▸ **Source material**:

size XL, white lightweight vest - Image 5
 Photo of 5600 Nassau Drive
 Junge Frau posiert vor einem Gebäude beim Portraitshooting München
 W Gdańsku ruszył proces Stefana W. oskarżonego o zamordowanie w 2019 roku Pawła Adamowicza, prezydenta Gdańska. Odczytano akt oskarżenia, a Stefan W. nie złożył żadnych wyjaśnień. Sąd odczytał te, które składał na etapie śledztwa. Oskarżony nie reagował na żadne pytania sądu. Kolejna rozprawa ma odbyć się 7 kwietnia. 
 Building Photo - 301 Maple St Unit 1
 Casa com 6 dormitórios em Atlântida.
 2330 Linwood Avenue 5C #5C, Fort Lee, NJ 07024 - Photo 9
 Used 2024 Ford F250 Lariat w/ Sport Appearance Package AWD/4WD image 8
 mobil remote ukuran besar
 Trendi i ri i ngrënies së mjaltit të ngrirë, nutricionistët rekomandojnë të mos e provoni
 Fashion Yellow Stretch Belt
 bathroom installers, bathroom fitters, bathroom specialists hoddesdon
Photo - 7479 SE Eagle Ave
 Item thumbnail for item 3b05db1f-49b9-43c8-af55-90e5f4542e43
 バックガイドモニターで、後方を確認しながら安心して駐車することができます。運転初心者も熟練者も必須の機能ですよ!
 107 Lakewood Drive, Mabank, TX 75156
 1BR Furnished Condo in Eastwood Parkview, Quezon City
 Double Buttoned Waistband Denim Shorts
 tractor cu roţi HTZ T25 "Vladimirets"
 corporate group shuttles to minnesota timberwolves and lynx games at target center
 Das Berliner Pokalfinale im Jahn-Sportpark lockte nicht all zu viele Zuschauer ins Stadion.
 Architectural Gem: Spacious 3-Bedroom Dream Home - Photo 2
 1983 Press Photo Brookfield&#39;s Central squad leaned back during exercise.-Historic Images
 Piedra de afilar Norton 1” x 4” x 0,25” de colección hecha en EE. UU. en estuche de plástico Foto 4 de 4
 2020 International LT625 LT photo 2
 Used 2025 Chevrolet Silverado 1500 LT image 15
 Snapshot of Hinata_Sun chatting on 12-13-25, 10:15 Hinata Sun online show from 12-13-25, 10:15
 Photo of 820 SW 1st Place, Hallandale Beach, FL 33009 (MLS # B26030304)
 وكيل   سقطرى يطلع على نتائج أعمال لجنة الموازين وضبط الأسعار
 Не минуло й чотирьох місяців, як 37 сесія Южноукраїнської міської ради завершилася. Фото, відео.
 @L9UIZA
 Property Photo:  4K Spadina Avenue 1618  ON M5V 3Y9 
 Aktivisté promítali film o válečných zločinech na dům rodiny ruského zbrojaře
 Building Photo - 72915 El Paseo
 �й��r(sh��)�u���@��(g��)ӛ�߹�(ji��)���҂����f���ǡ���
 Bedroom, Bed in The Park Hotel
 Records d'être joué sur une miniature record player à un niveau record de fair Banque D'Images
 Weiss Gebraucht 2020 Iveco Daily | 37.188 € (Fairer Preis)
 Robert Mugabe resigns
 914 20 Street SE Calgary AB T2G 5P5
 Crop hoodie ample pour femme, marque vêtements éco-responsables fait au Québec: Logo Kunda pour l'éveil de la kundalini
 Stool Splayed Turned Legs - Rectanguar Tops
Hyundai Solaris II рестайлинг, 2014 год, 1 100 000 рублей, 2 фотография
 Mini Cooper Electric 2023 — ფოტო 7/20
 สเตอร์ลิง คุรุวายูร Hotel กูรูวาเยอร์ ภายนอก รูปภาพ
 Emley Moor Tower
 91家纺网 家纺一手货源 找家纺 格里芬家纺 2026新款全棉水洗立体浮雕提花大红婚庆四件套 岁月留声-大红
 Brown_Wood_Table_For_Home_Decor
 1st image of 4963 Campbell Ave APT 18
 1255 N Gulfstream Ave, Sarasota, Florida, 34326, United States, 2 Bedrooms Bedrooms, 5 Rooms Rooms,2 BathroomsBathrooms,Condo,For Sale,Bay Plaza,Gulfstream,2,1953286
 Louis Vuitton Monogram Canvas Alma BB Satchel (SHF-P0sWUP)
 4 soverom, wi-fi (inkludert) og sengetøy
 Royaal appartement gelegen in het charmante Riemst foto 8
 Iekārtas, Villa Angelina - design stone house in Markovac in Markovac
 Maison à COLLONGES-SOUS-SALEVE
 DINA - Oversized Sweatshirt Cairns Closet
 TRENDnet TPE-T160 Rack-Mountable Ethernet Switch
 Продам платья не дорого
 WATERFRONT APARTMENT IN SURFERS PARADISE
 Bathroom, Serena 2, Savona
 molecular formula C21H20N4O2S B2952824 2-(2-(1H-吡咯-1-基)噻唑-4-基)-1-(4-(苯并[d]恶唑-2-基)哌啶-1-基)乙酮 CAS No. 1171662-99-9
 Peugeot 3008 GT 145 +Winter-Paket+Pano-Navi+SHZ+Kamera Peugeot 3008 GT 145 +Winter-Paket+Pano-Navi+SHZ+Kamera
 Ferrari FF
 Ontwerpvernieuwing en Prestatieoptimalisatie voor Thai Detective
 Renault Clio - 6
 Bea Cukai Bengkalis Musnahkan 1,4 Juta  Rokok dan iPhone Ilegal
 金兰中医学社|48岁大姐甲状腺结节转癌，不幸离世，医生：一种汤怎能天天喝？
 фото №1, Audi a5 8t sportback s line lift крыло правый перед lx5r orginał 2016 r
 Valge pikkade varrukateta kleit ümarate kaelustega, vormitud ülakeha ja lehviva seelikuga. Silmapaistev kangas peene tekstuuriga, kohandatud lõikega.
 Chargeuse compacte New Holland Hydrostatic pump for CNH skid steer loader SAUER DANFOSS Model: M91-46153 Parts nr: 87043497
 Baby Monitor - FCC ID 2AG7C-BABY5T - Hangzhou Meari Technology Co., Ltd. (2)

▸ **Work to be completed**: Set down only the lines above that fall between the line holding "bathroom installers, bathroom" and the line holding "Architectural Gem: Spacious", inclusive, keeping each exact.

▸ **Result of the exercise**:
 bathroom installers, bathroom fitters, bathroom specialists hoddesdon
Photo - 7479 SE Eagle Ave
 Item thumbnail for item 3b05db1f-49b9-43c8-af55-90e5f4542e43
 バックガイドモニターで、後方を確認しながら安心して駐車することができます。運転初心者も熟練者も必須の機能ですよ!
 107 Lakewood Drive, Mabank, TX 75156
 1BR Furnished Condo in Eastwood Parkview, Quezon City
 Double Buttoned Waistband Denim Shorts
 tractor cu roţi HTZ T25 "Vladimirets"
 corporate group shuttles to minnesota timberwolves and lynx games at target center
 Das Berliner Pokalfinale im Jahn-Sportpark lockte nicht all zu viele Zuschauer ins Stadion.
 Architectural Gem: Spacious 3-Bedroom Dream Home - Photo 2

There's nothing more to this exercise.